Your question led me to:
Pinals, RS (1988) Sulfasalazine in the Rheumatic Disease. Seminars in Arthritis and Rheumatism 17:246-259. I reproduce the introduction to this paper below:
Most physicians are familiar with sulfasalazine (SSZ) as an agent commonly used to treat inflammatory bowel disease for more than 40 years. In 1978, McConkey et al reported preliminary studies suggesting that this sulfonamide might be effective in rheumatoid arthritis (RA).1 The use of SSZ arose from earlier open and controlled trials with a sulfone, dapsone, which had demonstrable efficacy in RA, but the benefits were accompanied by relatively frequent, often unacceptable adverse effects.2 Dapsone was effective in dermatitis herpetiformis, presumably because of immunosuppressive activity. Another therapeutic agent for this skin disorder was sulfapyridine (SP), a drug with a poor record of gastric tolerance. Therefore, McConkey et al elected to try SSZ, a compound that released sulfapyridine in the bowel after passage through the stomach. Ironically, McConkey was initially unaware that SSZ had been synthesized specifically to treat RA in the late 1930s. In 1980, McConkey et al reported their open experience with SSZ in 74 patients treated for up to 1 year.3 The improvement in erythrocyte sedimentation rate (ESR), C-reactive protein (CRP), and clinical score (a global evaluation) was similar to that achieved with the disease-modifying antirheumatic drugs (DMARDs), and appeared somewhat sooner, often within 2 months. Moreover, although adverse effects were frequent, they were seldom of sufficient severity to discontinue treatment. This encouraging report led to several controlled trials in the United Kingdom and elsewhere, all confirming the efficacy of this interesting agent. The first study in the United States has been reported4 and, although SSZ has not been approved by the Food and Drug Administration for use in RA, many rheumatologists have used it as an alternative DMARD because of its availability and long record of safety and efficacy in inflammatory bowel disease.
What I have gleaned from this and a couple of papers cited there is that B McConkey, working at a hospital in Birmingham in the UK became interested in developing methods of clinical assessment of rheumatoid arthritis (RA) in the 1960s and this led eventually to the discovery that the drug dapsone is effective as a treatment but with an unacceptable level of adverse side effects.
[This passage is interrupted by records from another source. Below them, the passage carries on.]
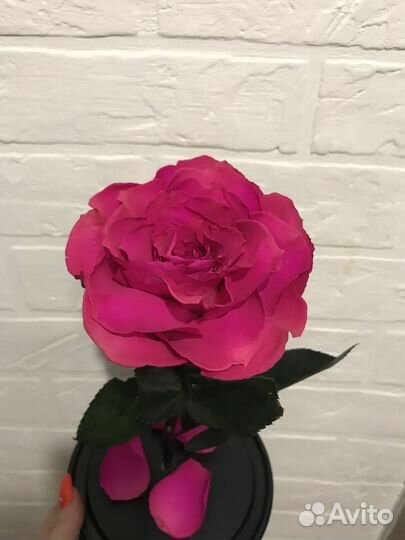 Роза в колбе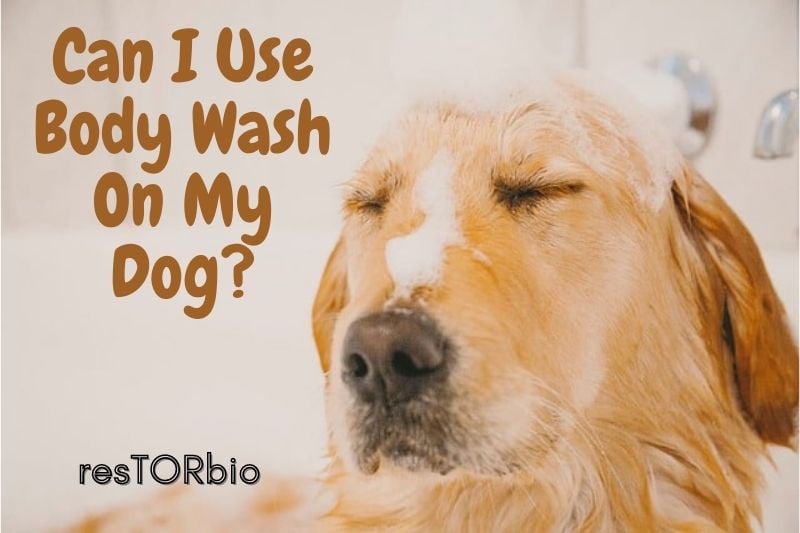 Can you use baby wash on dogs best sale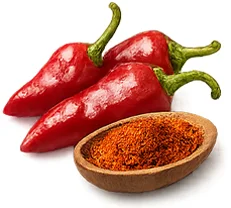 Osteonova Cream — Cayennepfeffer-Extrakt (Capsicum frutescens)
Then, to quote McConkey:
We had studied dapsone partly because of its effect in leprosy and dermatitis herpetiformis; its mode of action in those diseases may be through its immunosuppressant properties. Another drug used in dermatitis herpetiformis is sulphapyridine;it did not attract us as a contender but it is a constituent of salicyl-azo-sulphapyridine (sulphasalazine), a compound originally formulated for RA and latterly found to have immunosuppressant properties.
McConkey et al (1980) Sulphasalazine in rheumatoid arthritis. British Medical Journal 1: 442-444
(This is ref 3 in the Pinals introduction.)
So clearly there was a strand of chemical logic in the rediscovery of the drug; the only serendipitous aspect was that McConkey did not at first know that sulfasalazine was originally designed as a treatment for RA.